Frazier Glenn Cross of Aurora, Mo., a known white supremacist, has not been formally charged in the slayings, but officials said more information about charges was expected Tuesday. Federal prosecutors were moving to put the case before a grand jury.
Police suspect Cross fatally shot two people Sunday afternoon in the parking lot behind the Jewish Community Center of Greater Kansas City, then drove to a retirement community where he shot a third person. He was arrested in an elementary school parking lot.
"We have unquestionably determined through the work of law enforcement that this was a hate crime," Overland Park Police Chief John Douglass said, refusing to elaborate on the evidence.
Cross, a former Ku Klux Klan leader who was once the subject of a nationwide manhunt, was being held at the Johnson County jail on a preliminary charge of first-degree murder.
Douglass said the suspect made several statements to police, "but it's too early to tell you what he may or may not have said" during the attacks.

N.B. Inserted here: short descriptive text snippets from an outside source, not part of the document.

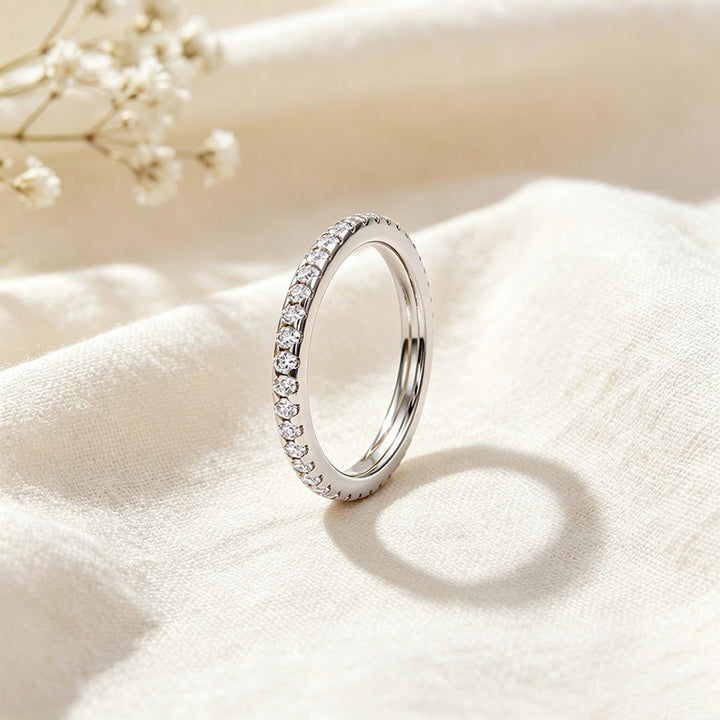 Eternity Paved Band Ring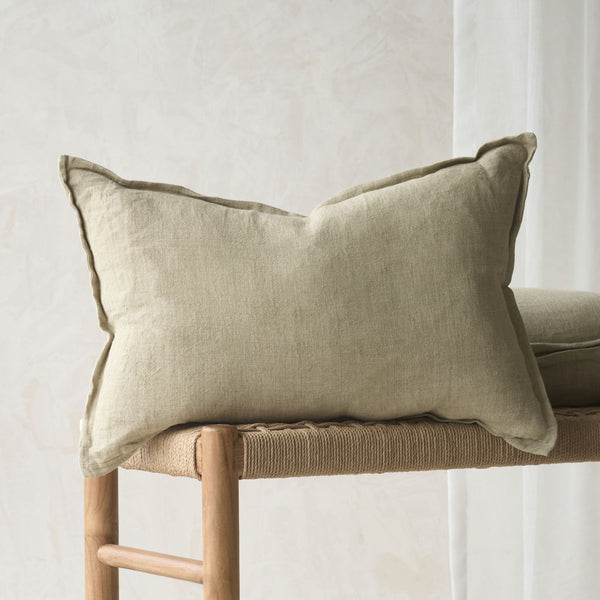 Arcadia Lumbar Cushion | Putty (40 x 60cm)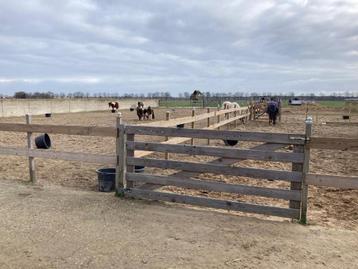 houten paddock planken en palen beschikbaar voor biedingen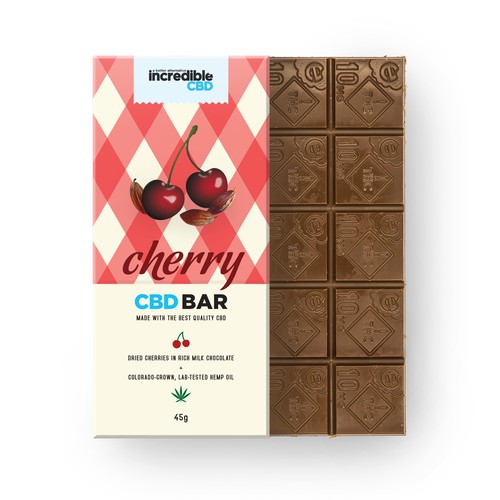 Packaging for CBD chocolate bar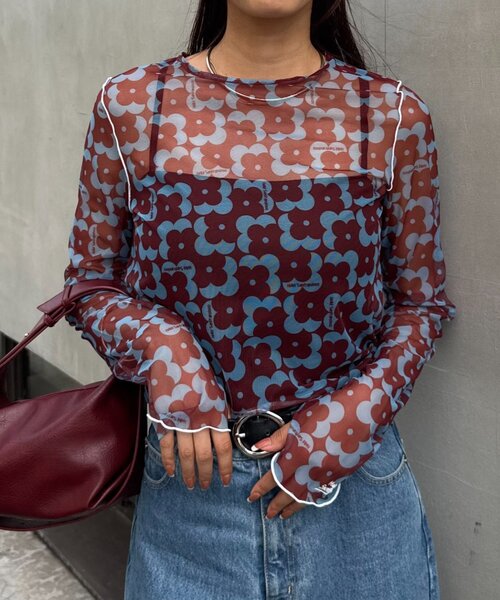 HELLO.SANFRANCISCO（ハローサンフランシスコ）の「【HELLO.SANFRANCISCO/ハローサンフランシスコ】アソートーシアートップス（Tシャツ/カットソー・レディース・グリーン/レッド/ブラック/サックスブルー/オレンジ/オレンジ系その他/ブラック系その他・ONE SIZE）」の21枚目の写真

He also said it was too early in the investigation to determine whether Cross had an anti-Semitic motive. The Jewish festival of Passover begins Monday evening.
SITE, a U.S.-based terror monitoring group, described the suspect as a known and vocal anti-Semite who frequently calls for genocide against Jews.
Police said the attacks happened within minutes. The gunman shot two people in the parking lot behind the Jewish Community Center of Greater Kansas City. He then drove a few blocks to a retirement community, Village Shalom, and gunned down a woman or girl there, Douglass said. Officers arrested him in an elementary school parking lot soon after.